At a more basic level, we can see this difference when running correlations and partial correlations between with uncorrelated and correlated explanatory variables. With uncorrelated explanatory variables, the correlation between \(X\) and \(Y\) are very similar between the correlation and partial correlation (although I’d have thought they would have been more similar).
# Correlation
cov(df1$X,df1$Y)
## [1] 0.9450399
# Parital correlation
round(partial_func(df1$Y,df1$X,df1$Z),3)
## [1] 0.994
But they differ when the explanatory variables are correlated - the correlation is less than the partial correlation.
# Correlation
cor(df2$X,df2$Y)
## [1] 0.8316846
# Parital correlation
round(partial_func(df2$Y,df2$X,df2$Z),3)
## [1] 0.998
Because we have set the true coefficients to mean 0 and SD 1, we expect that increasing \(X\) by 1 SD is will result in a 1 SD higher value of \(Y\), holding \(Z\) constant. We also added some noise to the data, but this approximately the result we found.

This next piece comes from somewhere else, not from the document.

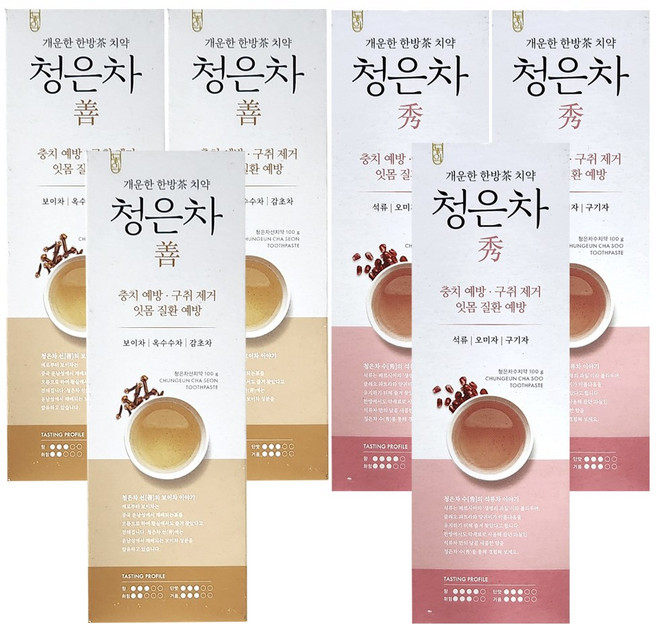 애경 2080 한방차 치약 청은차선 100g x 3개 + 청은차수 100g x 3개, 1개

We can calcualte the \(R^2\) of our model, to see how well the results fit the data. The \(R^2\) is calculated by:
\[R^2=\beta_1r_{YX}+\beta_2r_{YZ}\] We can look at the \(R^2\) of our second model, and find it is very high - unsurprisingly, since we’ve accounted for all by the random noise we added to \(Y\).
inspect(fit_2, 'r2')
## Y
## 0.997
If we ran the model with only one explanatory variable, we’d get a much lower fit:
# The model
model_3 <- 'Y ~ X ' # regression
# Run the model
inspect(sem(model_3, df2), 'r2')
## Y
## 0.692
Two points to consider with multiple regression:
- First, highly collinear variables are challenging to estimate. This is a perennial problem (including within SEM). However, in some cases it might be appropriate to estimate the common cause of variation between highly correlated variables, and use this as an explanatory variable (i.e. using factor analysis within SEM).
- Second, multiple regression is additive, which precludes modelling both the direct and indirect (through mediator variable, for instance) effects of an explanatory variables. This second limitation can be addressed in through path analysis, and more generally SEM.